A large number of IoT devices still suffer from lax security.
The results of the DEF CON hacking contest are in and the news is dismal for the IoT. Contestants found 47 new IoT security flaws across 23 products from 21 different manufacturers. IoT security woes are nothing new, but the results of IoT hacking show that things are getting worse, not better.
“The Internet of Things will allow for attacks we can’t even imagine,” wrote prolific tech and security researcher Bruce Schneier. “The next president will probably be forced to deal with a large-scale internet disaster.”
The contest revealed several smart lock brands that are highly vulnerable to password sniffing and replay attacks, and one that allowed a hacker to convert guest access into permanent admin access.
Thermostats also made headlines again, with yet another one found to be transmitting data, including passwords and user names, in plain text. This would make it easy for a hacker to take control of the home’s climate control remotely. Sounds harmless, but imagine if a hacker was able to install ransomware on it that turned the furnace and and off every few minutes until the user paid. If they didn’t, their heating system could suffer severe (and very costly) damage.

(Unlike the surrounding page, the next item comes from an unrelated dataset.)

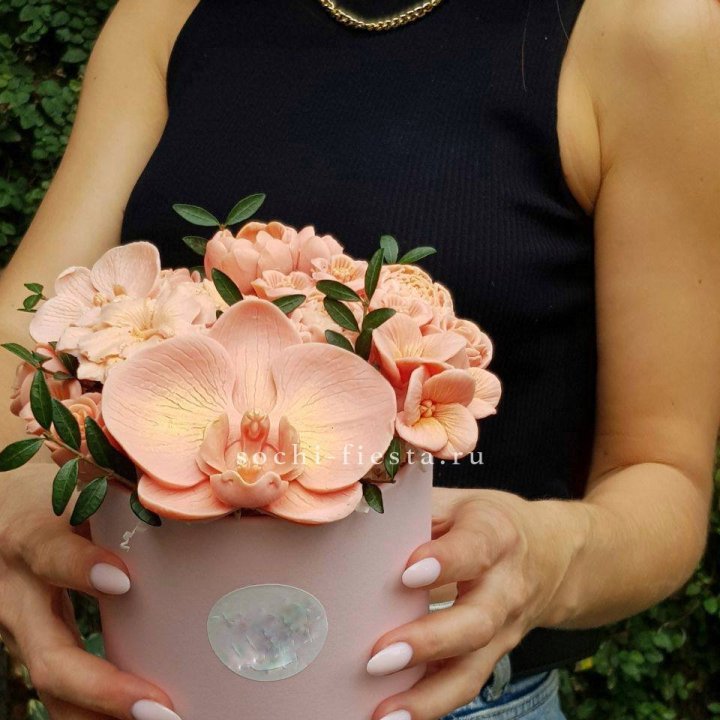 Шоколадный букет Орхидей в Саранске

Solar energy management was another hot spot. Several security flaws were found in a solar array management device including a wide open access point, a command injection flaw, and no network segmentation. According to Computerworld, if a hacker exploited such vulnerabilities, they could shut down a mid-size power plant and cause physical damage to the array.
Even wheelchairs had issues. One particular type of smart wheelchair had vulnerabilities that could allow a hacker to remotely disable safety features or even take control of the chair.